A couple of other points made where:

  1. Disable registration on your WordPress blogs, if at all possible. And certainly don’t make the default user role to be Administrator. Lel.
  2. Watch your mail queue – often spikes are a great indicator of hacks.

The GDPR is coming, are you ready? – Michelangelo van Dam

The short answer: probably not.

The General Data Protection Regulation (GDPR) is a law that’s going to affect most everyone, as best I understand it. Essentially if you collect and process privacy related of EU subjects, you need to be paying attention.

(sorry that’s a terrible photo, and that’s saying something as typically my photos are terrible to begin with :))

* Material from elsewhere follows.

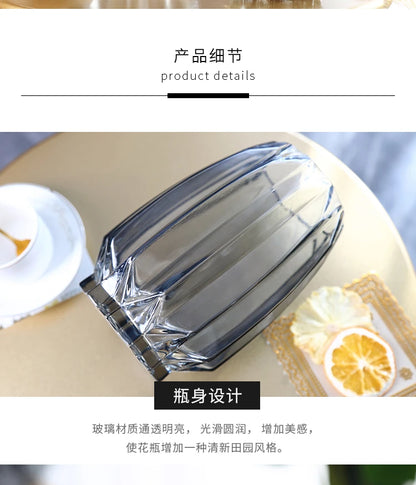 Nordic simple large glass vase transparent color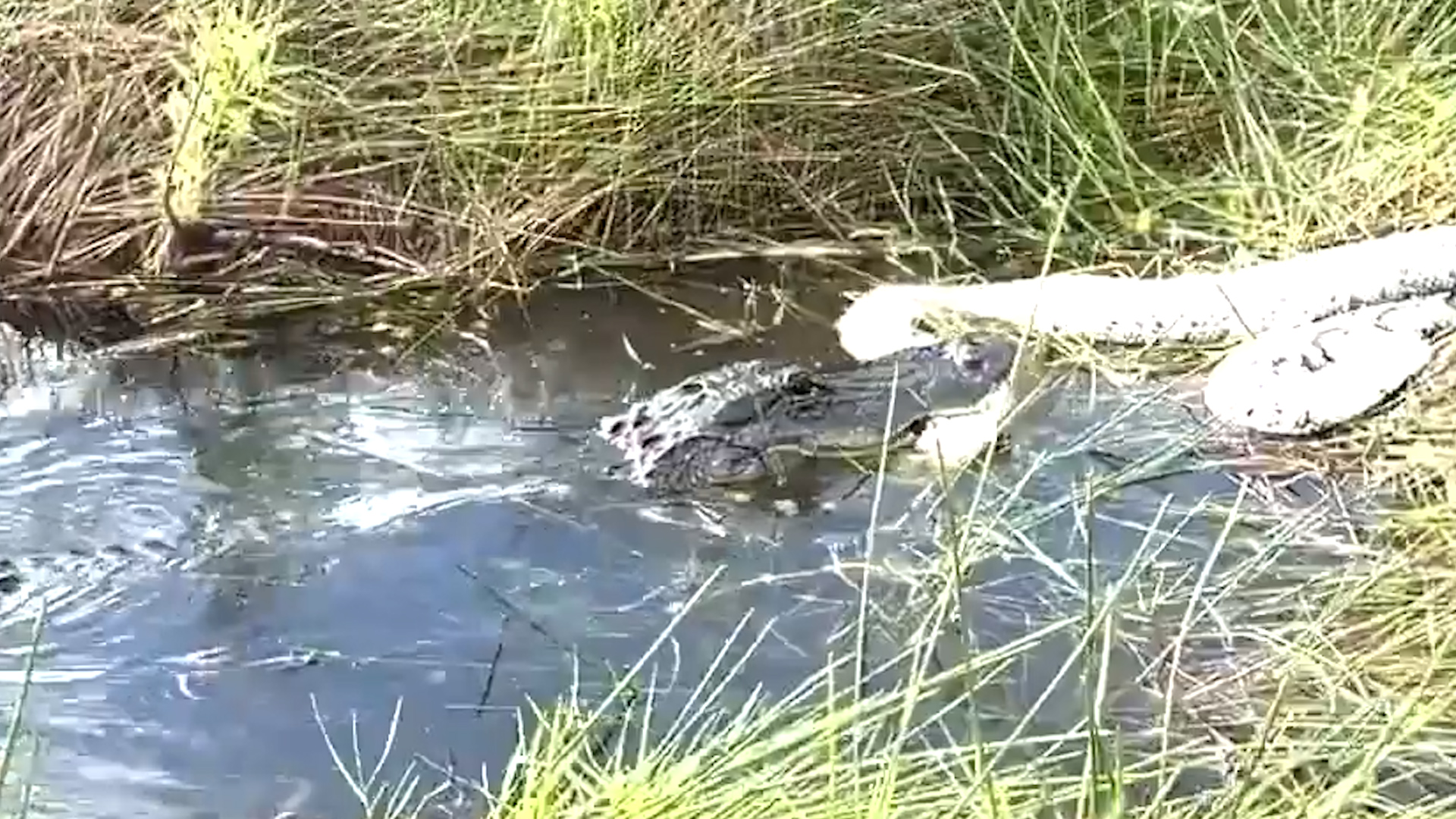 Alligator ayuda a luchar contra la invasión de Python en Everglades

Most big businesses have not got their acts together regarding GDPR as of yet.

You kinda ought to take this seriously, as if you suffer a data breach and are subsequently found responsible,and fined, you may very well be put out of business as the fines are incredibly steep.

One key takeaway from this talk is that you cannot be compliant with GDPR – you can only be ‘ready’. And defining ‘ready’ appears to be the biggest grey area of all.

It’s highly contentious, as was demonstrated during the QA section of this talk.

Hallway Track

For the first time ever at a conference I skipped a session (the closing session) to chat with a fellow dev.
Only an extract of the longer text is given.